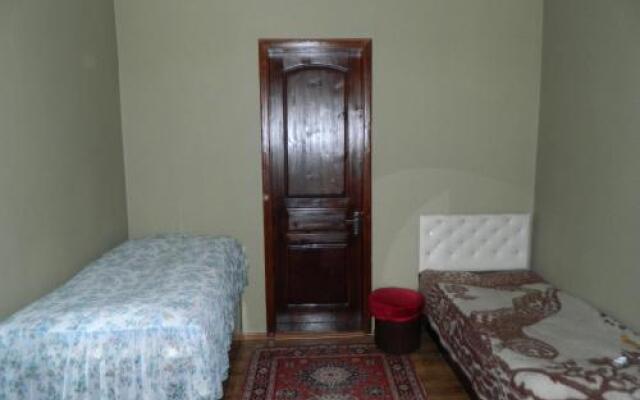 Guest House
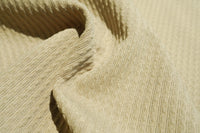 KKF5282-W KKF5282-W-TEX2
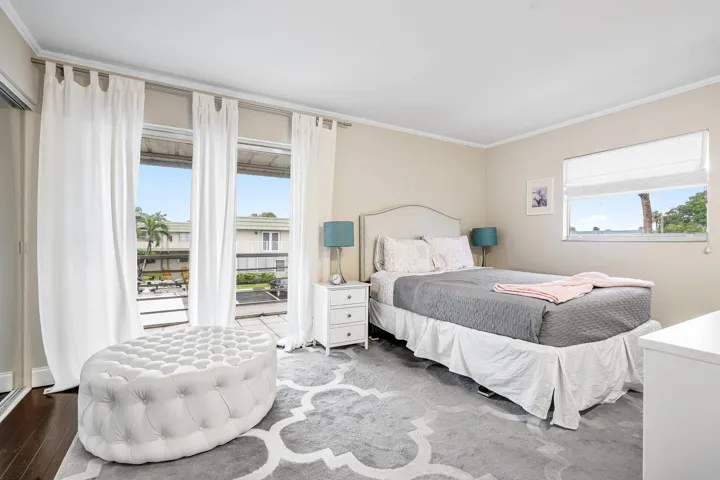 017-142BrittanyTerrace-C-DelrayBeach-FL-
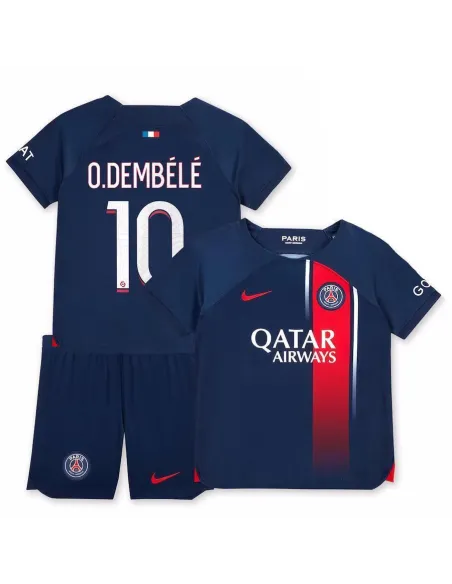 FRANCE LIGUE 1,PARIS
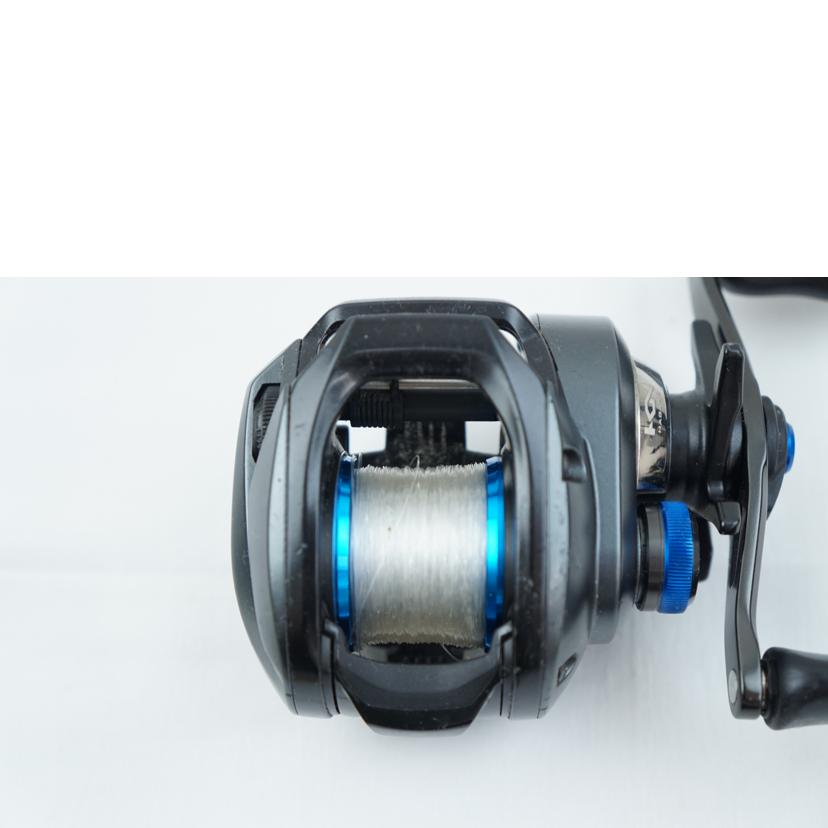 SHIMANO シマノ/ベイトリール/SLX DC 70XG//Bランク/67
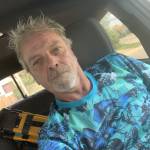 Bruce Mattson Profile Picture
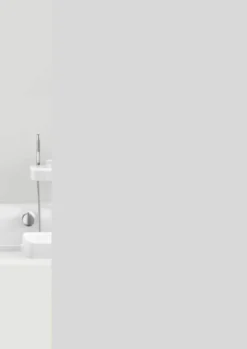 Duschvorhang IMPRESSA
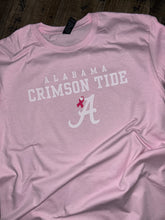 Load image into Gallery viewer, No One Fights Alone Bama
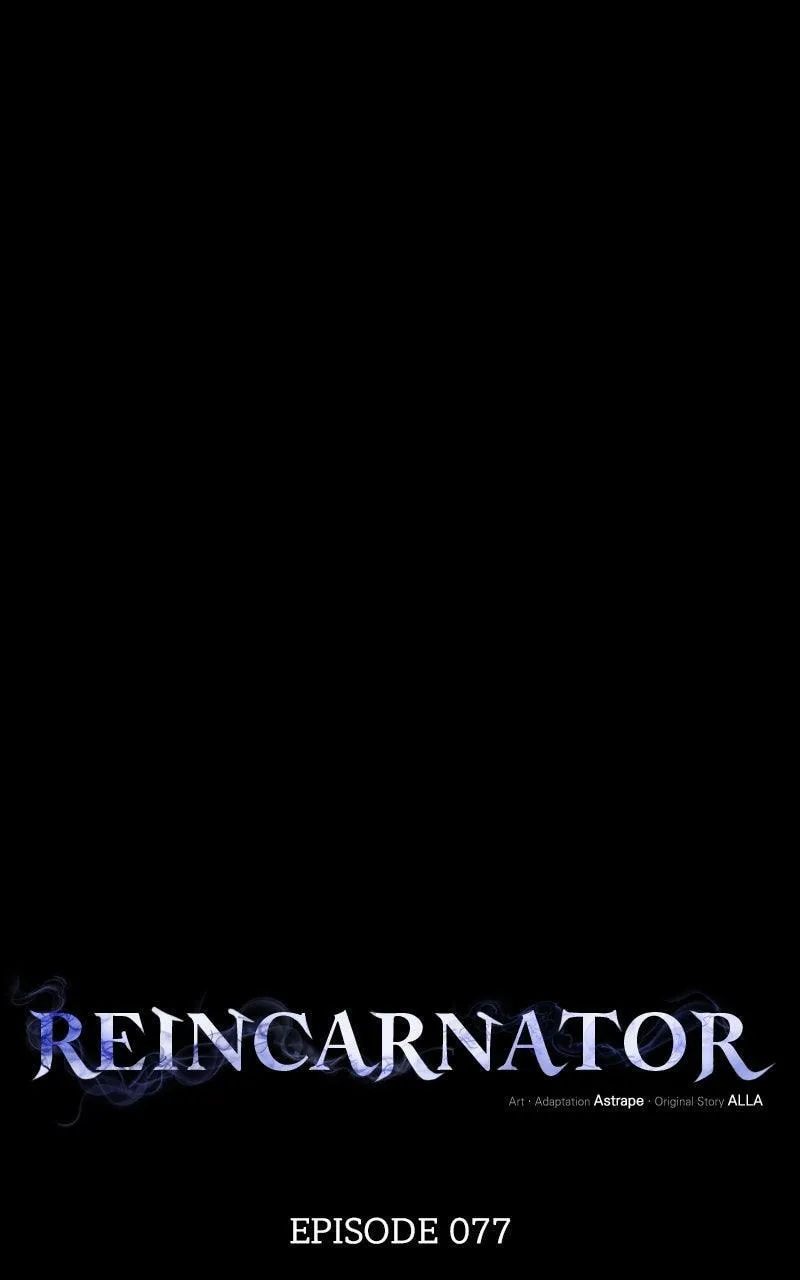 Read Past Life Regressor chapter 77 image 39 on Lezhin
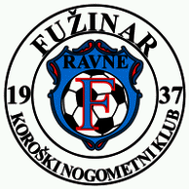 NK Fužinar Ravne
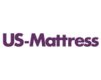 US-Mattress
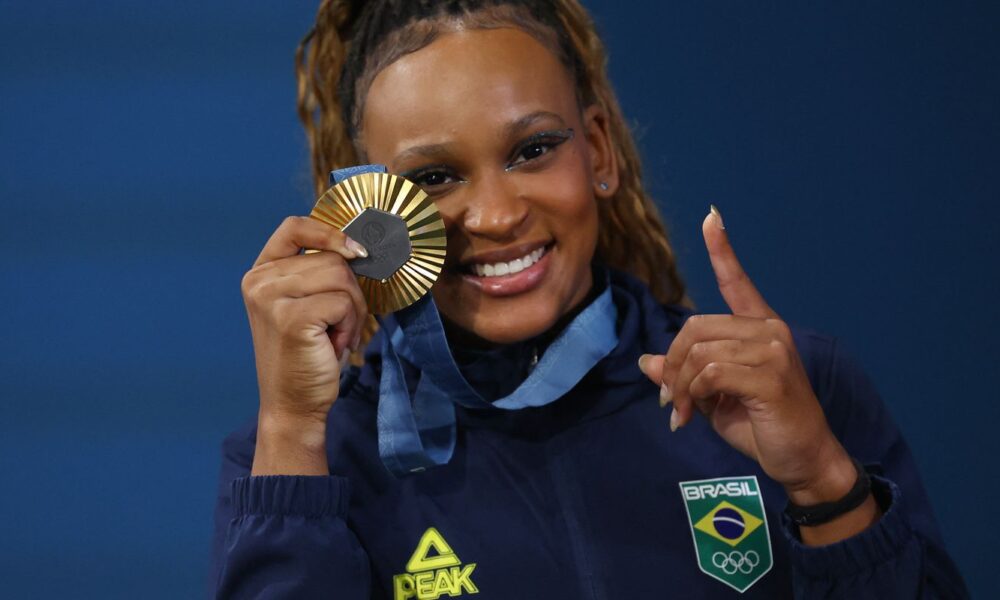 rebeca-andrade-e-anunciada-como-embaixadora-dos-jogos-da-juventude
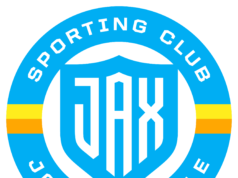 JAX 競技隊在與聖安東尼奧馬刺隊的一場激動人心的比賽中贏得了積分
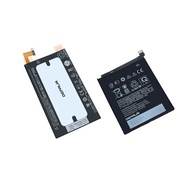 Suitable for HTC BOP3P100 U11 B2PZC100 B2Q6E100 U12Plus B2Q5510 Battery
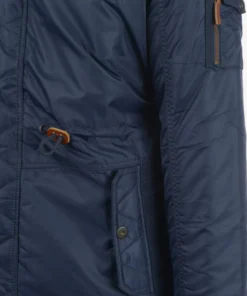 Blend Parkas Winterparka Eugen Heren Blauw 13 Blend Parkas Winterparka Eugen Heren Blauw -Aanbiedingen Koud Stijl Winkel f6d371608eced0cb560359e7171c97d5 scaled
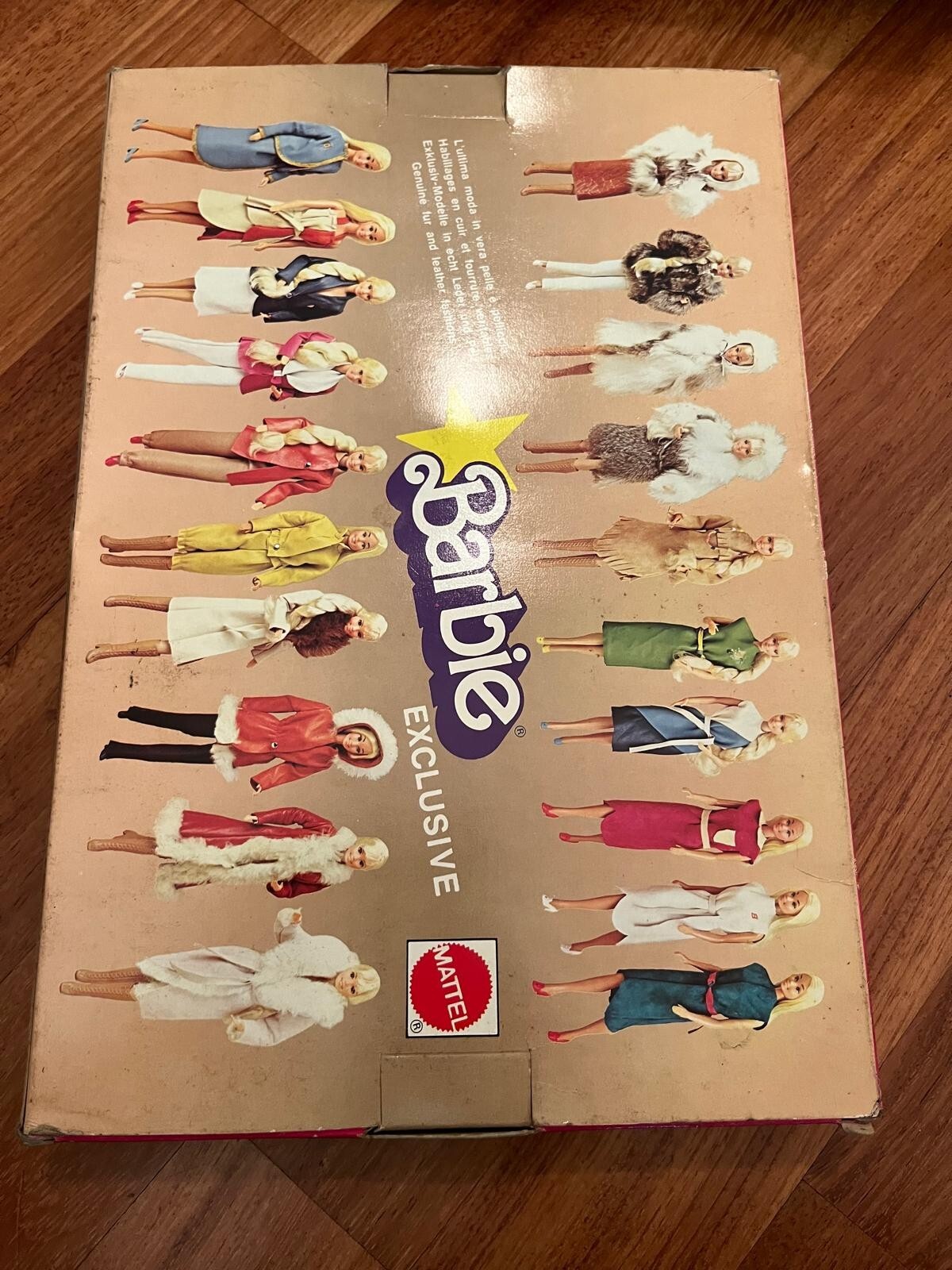 Foto 2 di 2
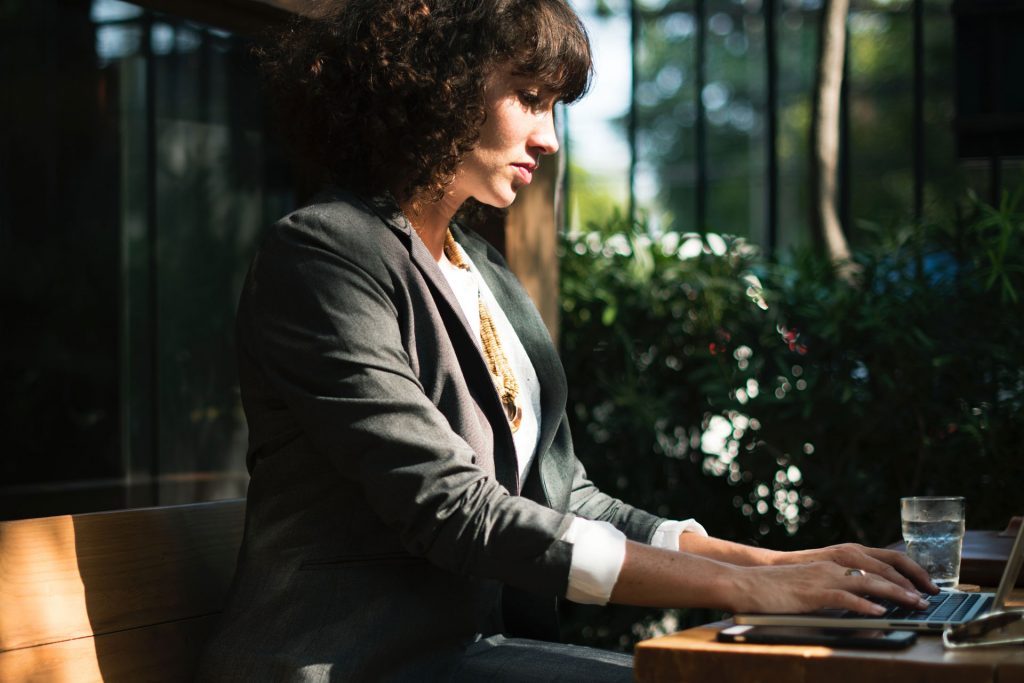 Bohemia Velas & Aromas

*PROBLEM DESCRIPTION*. What is needed here is an exact copy of all the entries, without the pictures.

*ANSWER FOR THE TASK*.
 Guest House
 KKF5282-W KKF5282-W-TEX2
 017-142BrittanyTerrace-C-DelrayBeach-FL-
 FRANCE LIGUE 1,PARIS
 SHIMANO シマノ/ベイトリール/SLX DC 70XG//Bランク/67
 Bruce Mattson Profile Picture
 Duschvorhang IMPRESSA
 Load image into Gallery viewer, No One Fights Alone Bama
 Read Past Life Regressor chapter 77 image 39 on Lezhin
 NK Fužinar Ravne
 US-Mattress
 rebeca-andrade-e-anunciada-como-embaixadora-dos-jogos-da-juventude
 JAX 競技隊在與聖安東尼奧馬刺隊的一場激動人心的比賽中贏得了積分
 Suitable for HTC BOP3P100 U11 B2PZC100 B2Q6E100 U12Plus B2Q5510 Battery
 Blend Parkas Winterparka Eugen Heren Blauw 13 Blend Parkas Winterparka Eugen Heren Blauw -Aanbiedingen Koud Stijl Winkel f6d371608eced0cb560359e7171c97d5 scaled
 Foto 2 di 2
 Bohemia Velas & Aromas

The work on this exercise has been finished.